Jay Parkhill September 4th, 2008

One of the toughest conversations I have with many startup founders is about salaries.  Founders may come from larger companies that pay them an annual salary and the idea of getting *no* cash for a significant period of time is really hard to wrap one’s mind around.  The argument goes something like this:

“I make $X currently, I know I am worth that much and I really need to get the cash.  I can defer collecting it for a little while, but I need to catch up at some point.”

My humble suggestion is always the same- don’t think about it that way.  You are building equity in a new business.  The equity is your return.  You are unlikely to see your “deferred” salary repaid in that way, so make sure you have enough stock in the business to give the upside you need and work toward making that worth something.

There are really two alternatives to this, neither of which is feasible: accruing a hypothetical salary to be repaid when some large bundle of cash hits the company’s accounts through financing or sales efforts, and taking stock in lieu of cash.

The Extra Cash Theory

The repayment on filling the coffers approach is based on the false premise that at some point there will be “extra cash” available.  This never happens.  Investors put money into a business in order to build structures that will take the business down the road.  Seeing their cash go straight through a company’s bank account is anathema- except when a founder has actually put in cash without getting stock for it.

The revenue argument is probably even worse.  Revenue is hard to come by and most businesses don’t see enough of it to justify paying back salaries on top of current ones and other business expenses.  The idea of generating enough revenue to cover accrued/deferred salaries is a fantasy in almost all cases.

Stock for Salaries

The stock-for-salary proposal is actually much worse than the extra cash idea.  What many founders don’t realize is that the IRS treats stock in that case exactly the same as cash and taxes it at the same rate.  If a founder accrues $100k in salary and collects it in stock she still has $100k in income to report.

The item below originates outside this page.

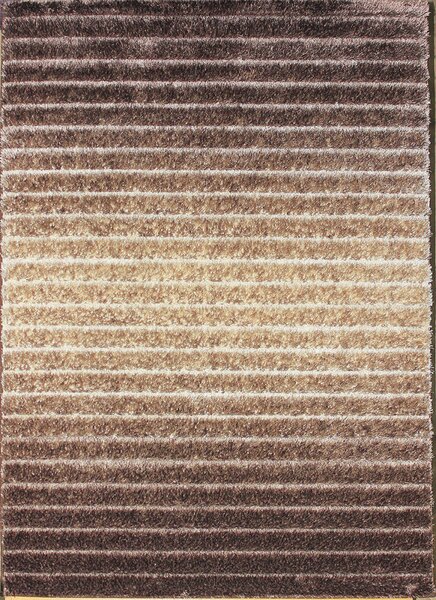 Hans Home | Kusový koberec Seher 3D 2607 Brown Beige - 160x220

The problem is that she has $100k worth of illiquid stock, a tax bill of $35k or so and no cash to pay the taxes.  This is not a happy situation for anyone.

No Deferral, No Salary, Just Stock

The way out of the dilemma is to give up on the idea of taking much cash out of the business in the early going.  Buy your founder stock (for cash!) at a very low price when you start the business.  That is what you get instead of a salary, so be mindful of unnecessary dilution (no “advisory” options to friends and relatives) and work on making that stock as valuable as you possibly can.  You may not see much cash for a couple of years or more, but if you are lucky the stock will more than compensate for the sacrifices made in the early days.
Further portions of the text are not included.